Q: Dois-je fournir au pentester un accès administrateur complet à mon compte cloud ? R: Non. En fait, vous ne devriez pas. Un bon pentest peut être effectué de deux manières : "Black Box" (connaissance zéro, simulant un étranger) ou "Grey Box" (accès limité, simulant un utilisateur compromis). Fournir un accès administrateur complet supprime la "chasse" et ne teste pas réellement vos limites IAM. Les tests les plus précieux sont ceux qui commencent avec un accès minimal et tentent de s'intensifier.

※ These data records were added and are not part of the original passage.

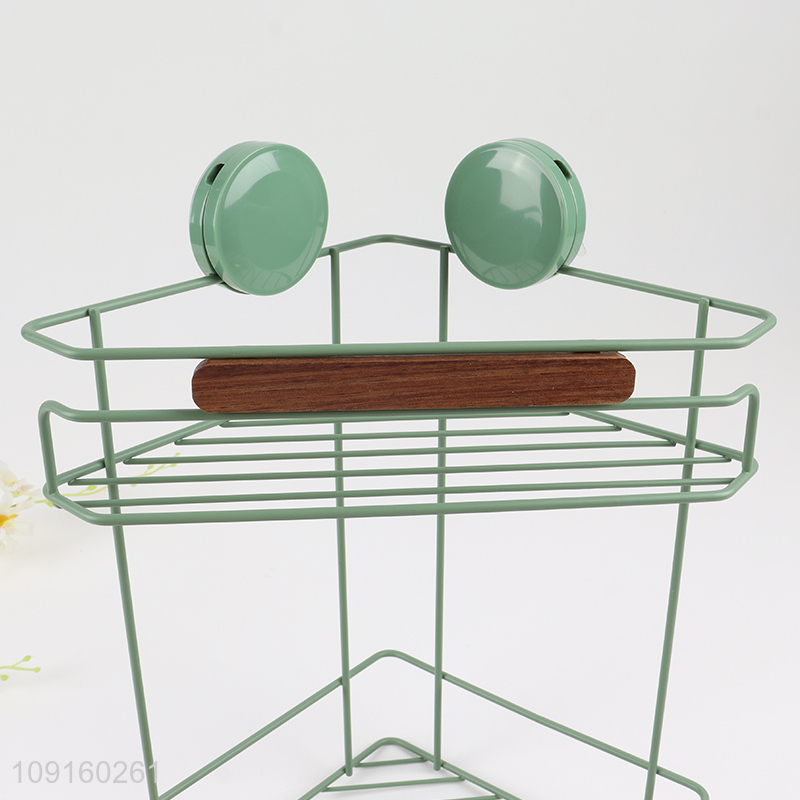 New Arrival 2-Tier Metal Wire Corner Shower Caddy Bathroom Shelves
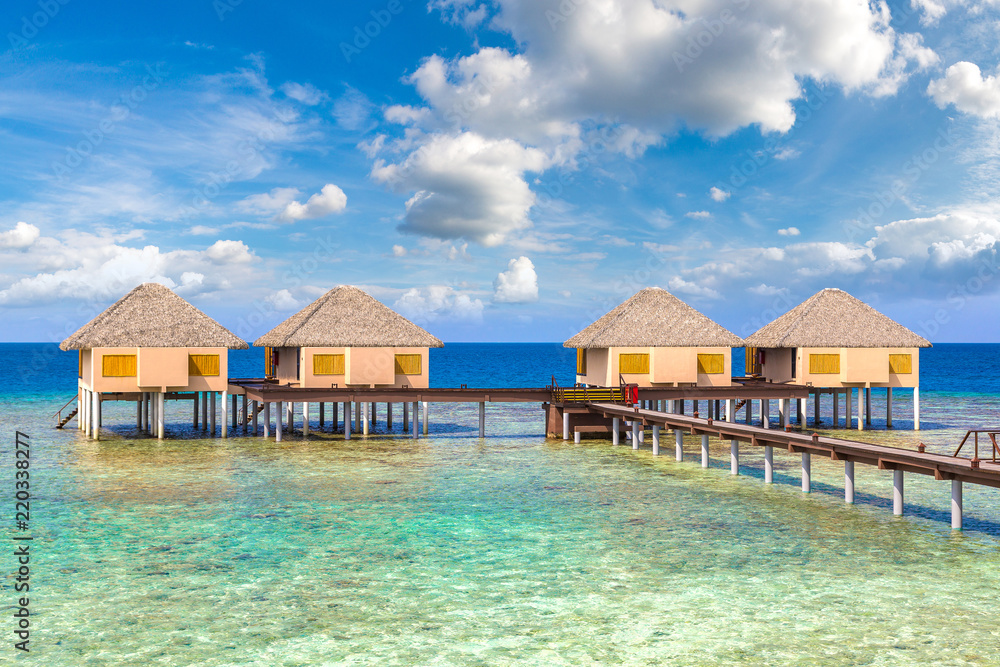 Water Villas (Bungalows) in the Maldives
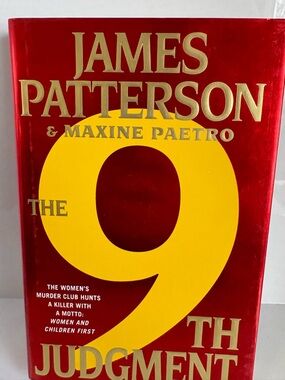 📚 3/$25 📚 James Patterson The 9th Judgment Hardcover Book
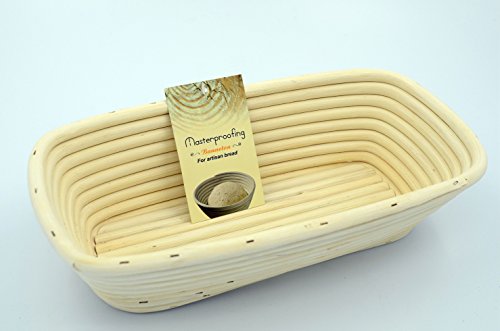 Masterproofing Rectangle Banneton Proofing Basket(1000g Dough)- 12-inch by 5-inch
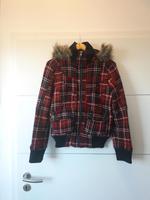 Winterjacke - Damen - Fishbone - M/38 - rot/blau/kariert Sachsen - Eibenstock Vorschau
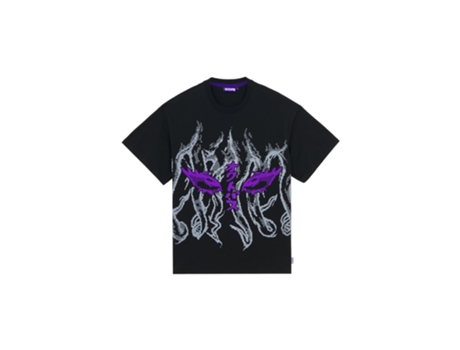 T-shirt De Homem Polvo Algodão Preto (m)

Principaux points à retenir : Votre chemin vers un cloud renforcé

Le cloud a changé la donne en matière de sécurité. Nous n'avons plus un seul "mur" à défendre. Au lieu de cela, nous avons un millier de petites portes, toutes contrôlées par l'identité et la configuration. La "mauvaise configuration mortelle" n'est généralement pas un logiciel malveillant complexe ; c'est une case à cocher qui a été laissée dans la mauvaise position.

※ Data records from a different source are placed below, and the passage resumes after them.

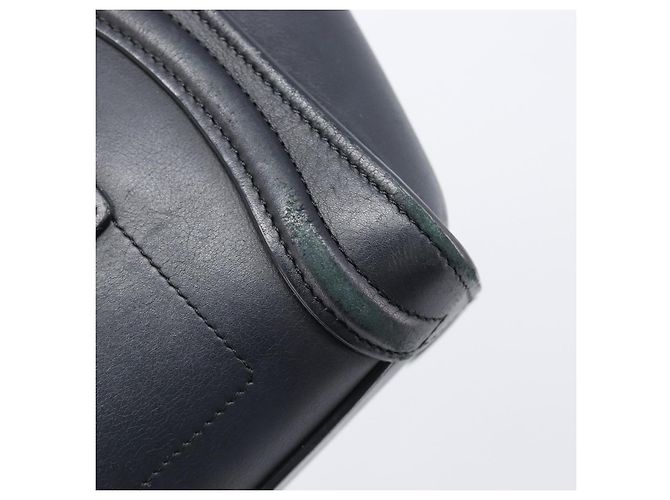 Céline CELINE Luggage Mini Shopper Hand Bag Leather Black Gold Auth 205325 Preto Dourado - vista 20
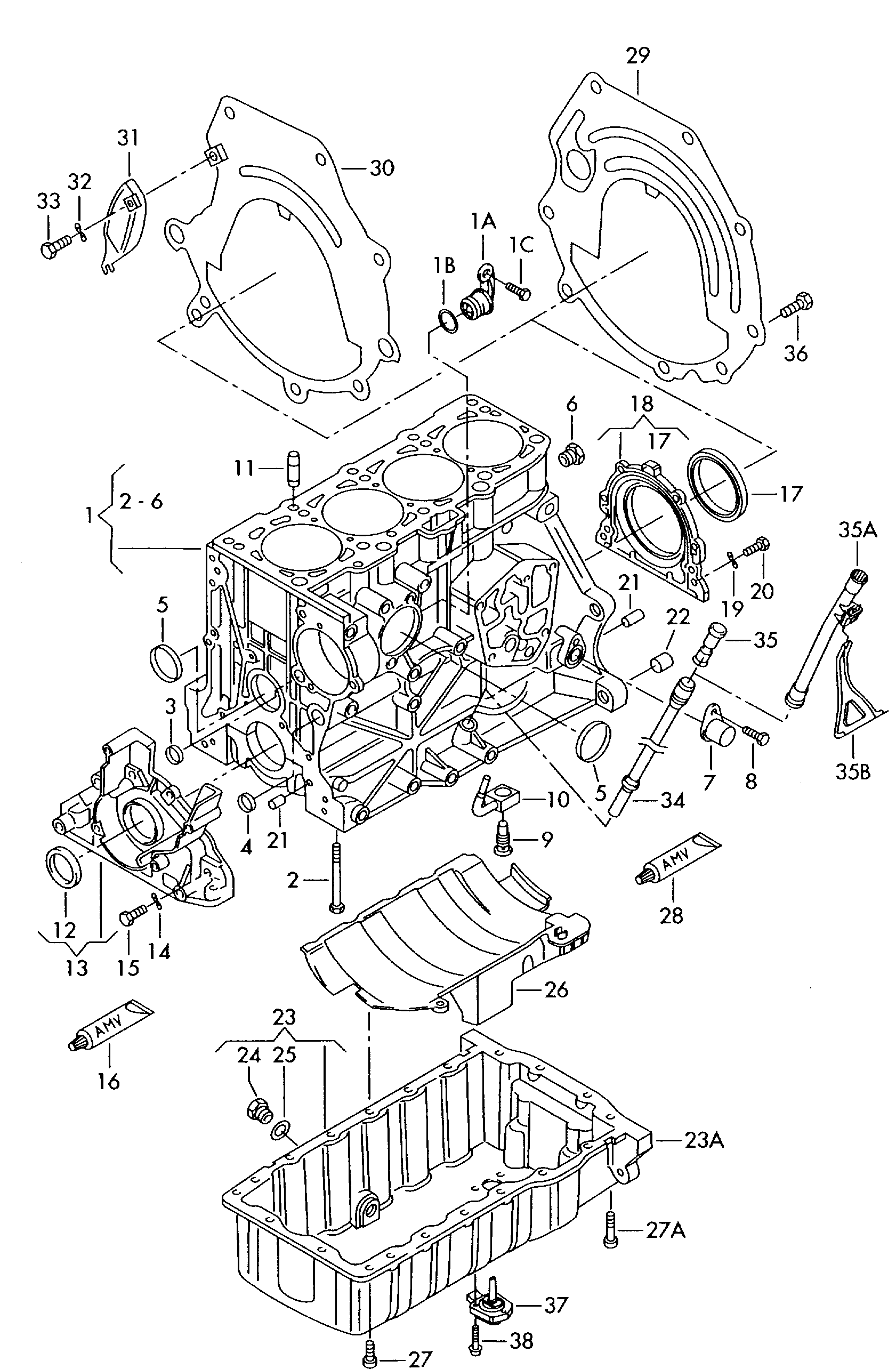 VAG N 906 606 01 - Zaporni vijak, korito za ulje parts5.com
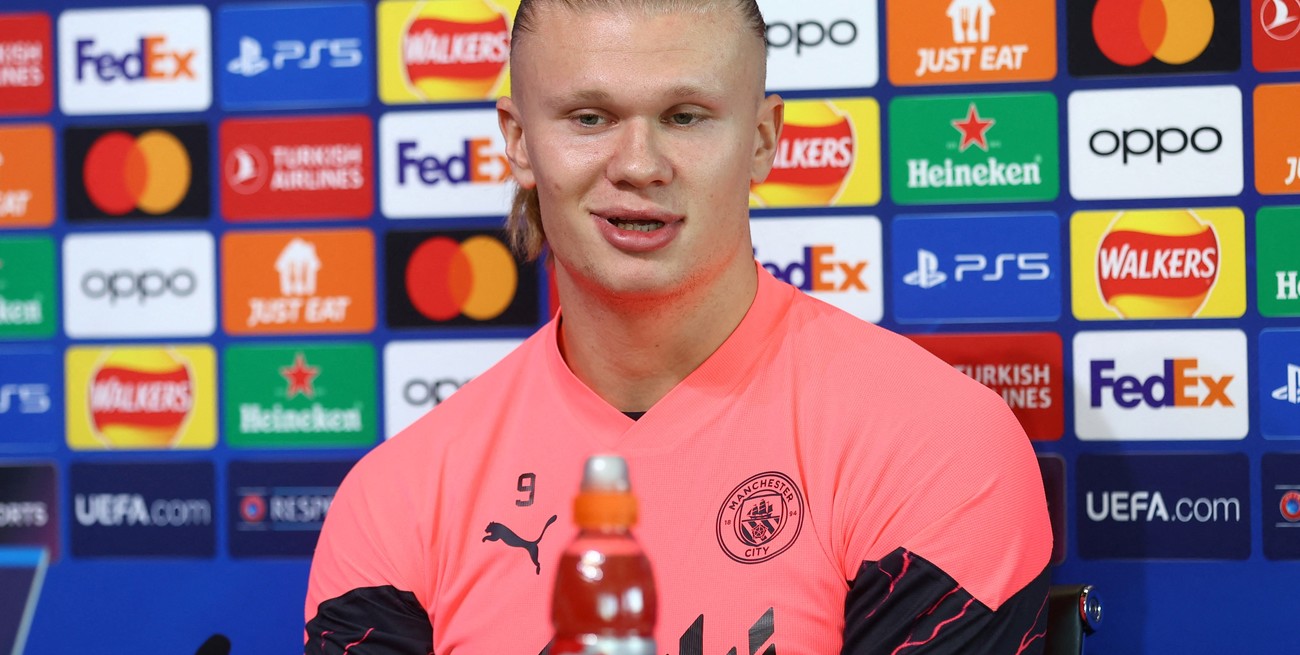 Haaland: "Messi es el mejor jugador de la historia del fútbol"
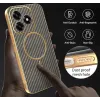 Phonesta Luxury Carbon Fiber Back Cover Hülle mit MagSafe für HONOR X5c Plus - Braun 6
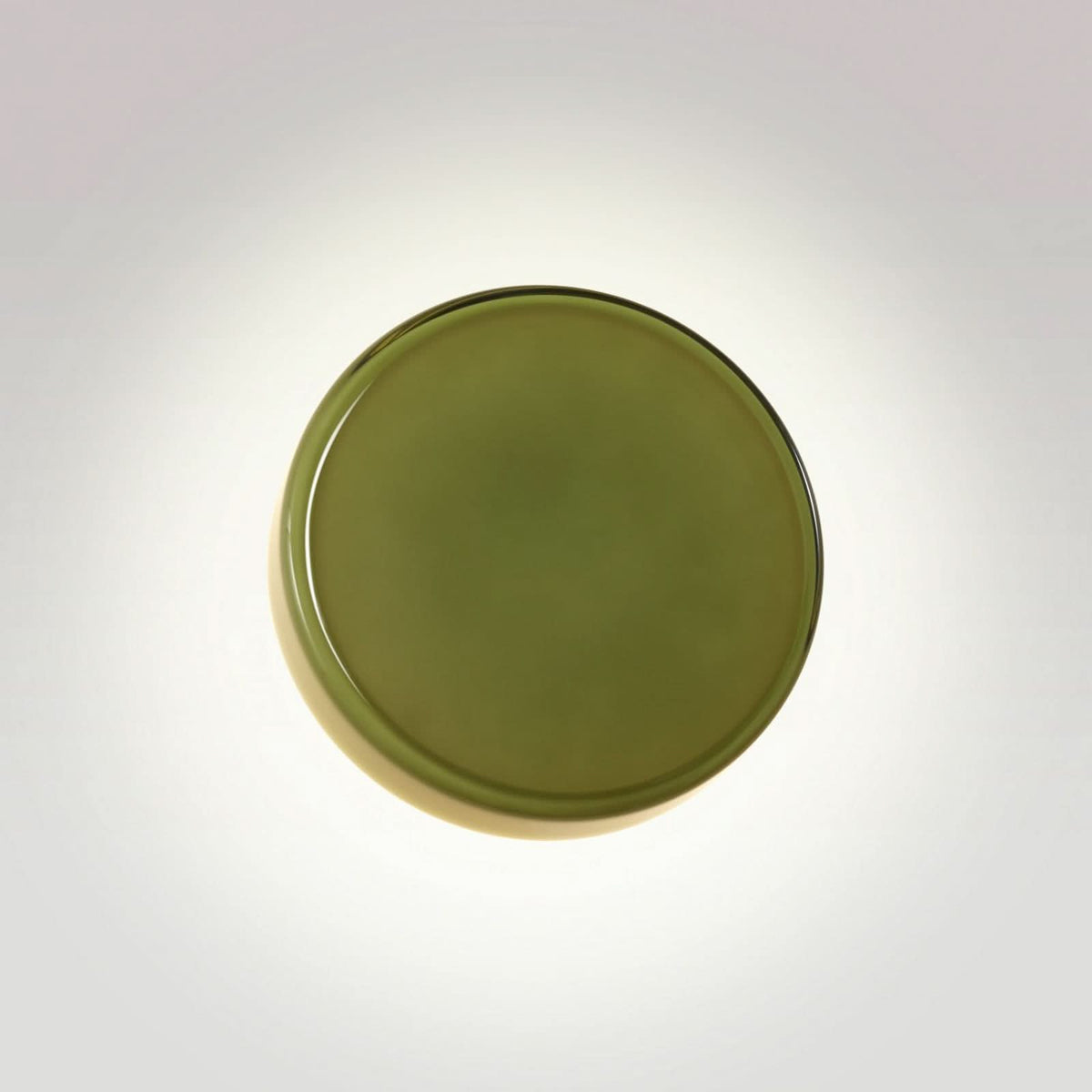 Applique murale LED Caramel en verre, vert et noir, Ø 22 cm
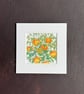 'Orange Blossom' 5" x 5" Mounted Print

Si vous voulez passer d'une position où vous "espérez que nous sommes en sécurité" à "savoir que nous sommes en sécurité", vous devez changer votre état d'esprit. Cessez de considérer la sécurité comme une vérification finale avant le lancement et commencez à la considérer comme un processus continu de découverte et de correction.

Voici votre plan d'action immédiat :

  1. Auditez votre IAM : Recherchez tout rôle avec des permissions * et commencez à les supprimer.
  2. Éliminez les valeurs par défaut : Examinez vos groupes de sécurité. Si vous voyez 0.0.0.0/0 sur un port qui n'est pas destiné au trafic web public, fermez-le dès aujourd'hui.
  3. Testez la chaîne : Ne vous contentez pas de regarder les alertes "High" de votre scanner. Regardez comment une alerte "Low" pourrait mener à une alerte "Medium" et finalement à une compromission "Critical".
  4. Automatisez les tâches ennuyeuses : Utilisez SCP et la numérisation IaC pour vous assurer que les mêmes erreurs ne se reproduisent pas deux fois.
  5. Obtenez des regards professionnels : Utilisez une plateforme comme Penetrify pour exécuter une simulation d'attaque réelle. Trouvez les tunnels avant que les méchants ne le fassent.

Le cloud est un outil puissant, mais il est impitoyable. Soyez proactif, soyez sceptique quant à vos propres configurations et ne cessez jamais de rechercher les trous. Vos données — et vos clients — en dépendent.